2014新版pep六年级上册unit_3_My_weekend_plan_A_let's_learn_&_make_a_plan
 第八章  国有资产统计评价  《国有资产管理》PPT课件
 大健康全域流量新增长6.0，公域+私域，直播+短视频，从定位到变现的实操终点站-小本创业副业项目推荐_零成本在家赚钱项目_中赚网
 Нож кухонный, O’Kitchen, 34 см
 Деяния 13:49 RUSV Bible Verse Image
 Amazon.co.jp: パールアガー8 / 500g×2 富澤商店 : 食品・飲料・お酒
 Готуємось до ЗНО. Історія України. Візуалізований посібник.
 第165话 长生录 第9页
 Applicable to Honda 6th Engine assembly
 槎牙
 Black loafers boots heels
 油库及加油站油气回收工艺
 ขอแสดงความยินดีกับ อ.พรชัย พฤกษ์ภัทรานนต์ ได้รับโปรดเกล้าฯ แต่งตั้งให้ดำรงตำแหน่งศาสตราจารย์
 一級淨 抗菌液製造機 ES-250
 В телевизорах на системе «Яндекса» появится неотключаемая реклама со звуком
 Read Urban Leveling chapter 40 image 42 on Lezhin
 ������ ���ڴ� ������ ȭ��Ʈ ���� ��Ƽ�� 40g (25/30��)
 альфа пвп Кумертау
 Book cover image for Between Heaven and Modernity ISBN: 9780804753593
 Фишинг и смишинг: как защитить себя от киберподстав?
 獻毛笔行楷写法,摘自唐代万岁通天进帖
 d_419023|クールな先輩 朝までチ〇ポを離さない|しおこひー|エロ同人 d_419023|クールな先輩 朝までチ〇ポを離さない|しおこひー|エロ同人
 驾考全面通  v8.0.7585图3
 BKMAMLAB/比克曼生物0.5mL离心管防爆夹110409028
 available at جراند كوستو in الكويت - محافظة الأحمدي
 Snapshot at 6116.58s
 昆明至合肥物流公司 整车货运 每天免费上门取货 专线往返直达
+ + + + + + +
** WORK INSTRUCTION **
Print the line containing "available at جراند", then every line after it through the last line of the records, each exactly as written; nothing else belongs in the answer.

** WRITTEN SOLUTION **
 available at جراند كوستو in الكويت - محافظة الأحمدي
 Snapshot at 6116.58s
 昆明至合肥物流公司 整车货运 每天免费上门取货 专线往返直达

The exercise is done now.